WORK REQUEST: Here is the task for the listing below: output exactly the lines from the one containing "this 1200×900 image." through the one containing "this 960×720 image.", and leave out the pictures.

RECORDS:
+++
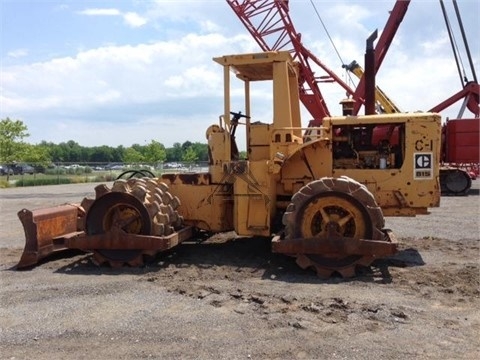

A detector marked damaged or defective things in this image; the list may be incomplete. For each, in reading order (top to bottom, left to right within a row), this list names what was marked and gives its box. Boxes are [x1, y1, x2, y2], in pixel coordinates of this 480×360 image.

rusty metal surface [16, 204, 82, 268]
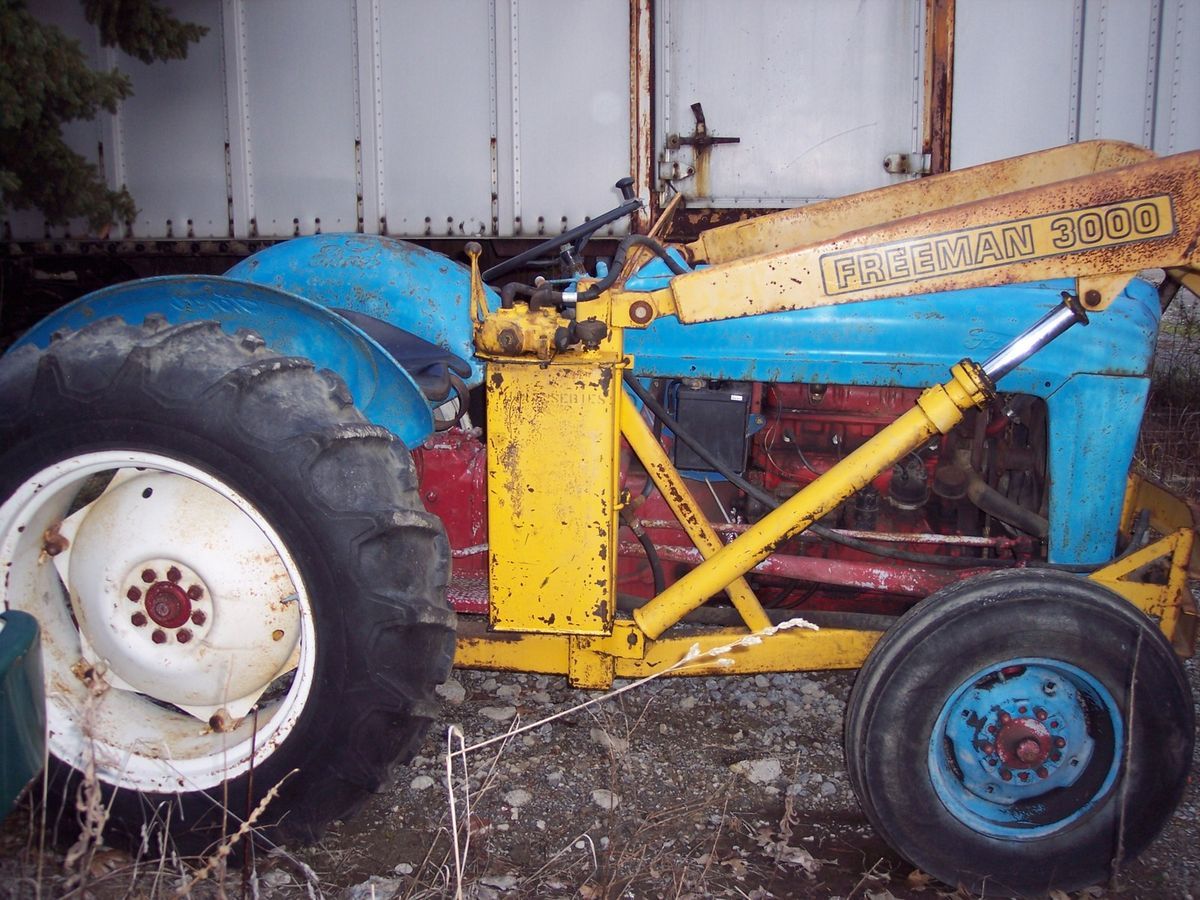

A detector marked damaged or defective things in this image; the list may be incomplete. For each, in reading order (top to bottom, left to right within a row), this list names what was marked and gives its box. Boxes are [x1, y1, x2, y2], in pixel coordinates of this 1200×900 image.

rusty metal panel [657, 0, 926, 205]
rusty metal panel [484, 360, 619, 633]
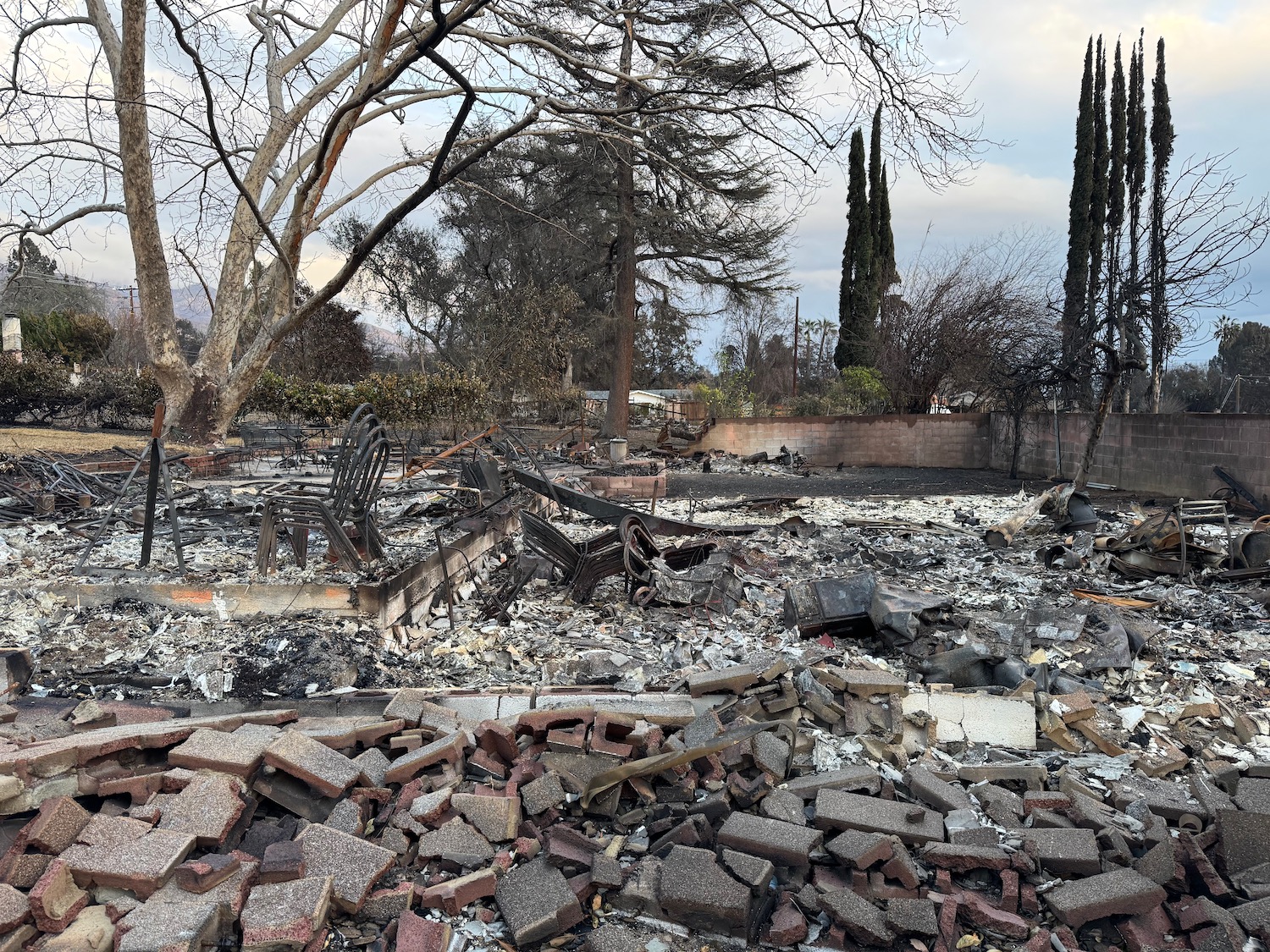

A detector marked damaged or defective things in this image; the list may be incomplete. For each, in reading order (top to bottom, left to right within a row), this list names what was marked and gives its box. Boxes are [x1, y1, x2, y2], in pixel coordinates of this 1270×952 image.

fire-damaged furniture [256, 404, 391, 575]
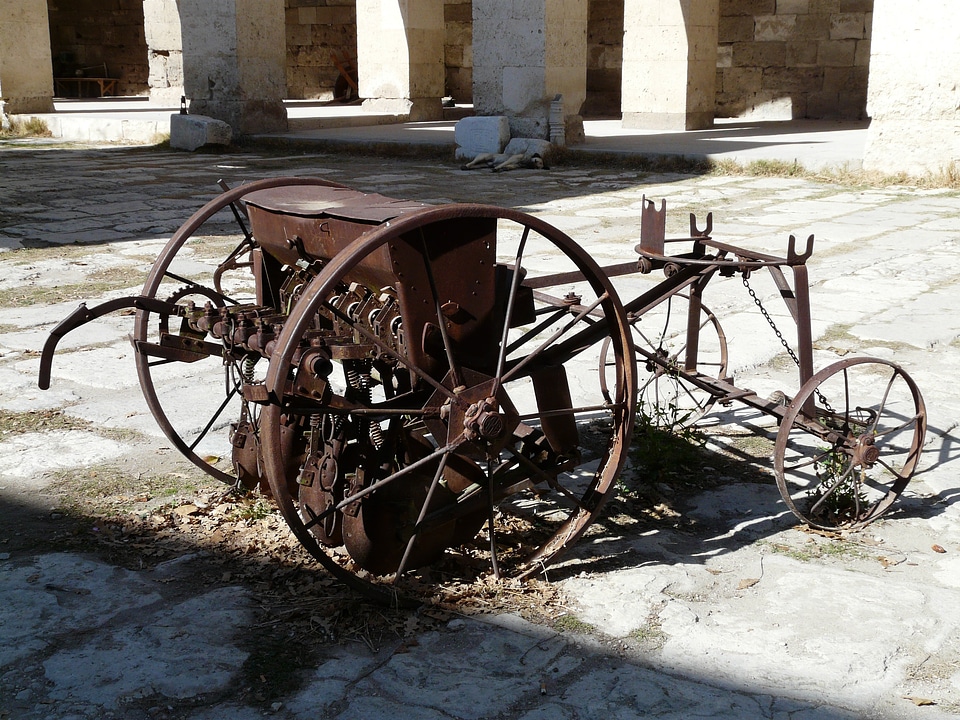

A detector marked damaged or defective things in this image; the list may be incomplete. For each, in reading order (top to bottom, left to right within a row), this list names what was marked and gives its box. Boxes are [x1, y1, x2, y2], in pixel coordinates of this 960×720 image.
+++
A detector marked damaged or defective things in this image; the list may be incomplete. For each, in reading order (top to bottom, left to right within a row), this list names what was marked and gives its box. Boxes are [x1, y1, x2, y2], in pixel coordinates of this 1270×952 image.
+++
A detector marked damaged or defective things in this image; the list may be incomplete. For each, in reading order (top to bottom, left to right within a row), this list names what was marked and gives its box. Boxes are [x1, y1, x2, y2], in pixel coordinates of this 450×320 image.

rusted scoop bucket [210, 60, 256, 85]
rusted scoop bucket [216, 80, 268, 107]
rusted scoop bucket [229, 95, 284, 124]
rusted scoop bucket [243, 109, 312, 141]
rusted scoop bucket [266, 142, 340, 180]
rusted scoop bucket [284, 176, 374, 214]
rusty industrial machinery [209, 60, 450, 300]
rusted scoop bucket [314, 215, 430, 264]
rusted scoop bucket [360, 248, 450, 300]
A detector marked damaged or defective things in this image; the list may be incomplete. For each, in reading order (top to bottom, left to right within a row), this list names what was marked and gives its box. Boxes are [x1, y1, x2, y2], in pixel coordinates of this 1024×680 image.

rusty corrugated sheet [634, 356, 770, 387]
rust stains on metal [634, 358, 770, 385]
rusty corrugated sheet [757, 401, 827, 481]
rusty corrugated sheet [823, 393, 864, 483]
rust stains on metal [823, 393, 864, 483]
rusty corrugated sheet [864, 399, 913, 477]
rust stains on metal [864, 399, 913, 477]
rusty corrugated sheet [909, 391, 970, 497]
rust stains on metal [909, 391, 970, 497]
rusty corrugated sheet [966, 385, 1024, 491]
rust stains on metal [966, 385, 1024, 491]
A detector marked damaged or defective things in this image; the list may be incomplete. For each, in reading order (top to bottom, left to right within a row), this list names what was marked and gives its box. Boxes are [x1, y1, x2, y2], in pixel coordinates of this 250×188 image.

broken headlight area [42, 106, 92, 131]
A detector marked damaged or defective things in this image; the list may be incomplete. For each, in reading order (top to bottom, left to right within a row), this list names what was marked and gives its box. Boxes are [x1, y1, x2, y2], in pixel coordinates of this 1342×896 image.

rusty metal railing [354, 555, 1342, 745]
+++
EXERCISE SOLUTION:
A detector marked damaged or defective things in this image; the list may be incomplete. For each, in reading order (top to bottom, left to right within a row), this list names what was marked and gives its box. Boxes are [x1, y1, x2, y2], in pixel coordinates of this 1200×900 image.

rusty metal panel [657, 0, 926, 205]
rusty metal panel [484, 360, 619, 633]

A detector marked damaged or defective things in this image; the list may be incomplete. For each, in reading order (top to bottom, left to right within a row), this list names what was marked and gives its box. Boxes are [x1, y1, x2, y2], in pixel coordinates of this 1270×952 image.

fire-damaged furniture [256, 404, 391, 575]

A detector marked damaged or defective things in this image; the list may be incomplete. For each, in reading order (top to bottom, left to right within a row), this list names what was marked and gives its box. Boxes are [x1, y1, x2, y2], in pixel coordinates of this 960×720 image.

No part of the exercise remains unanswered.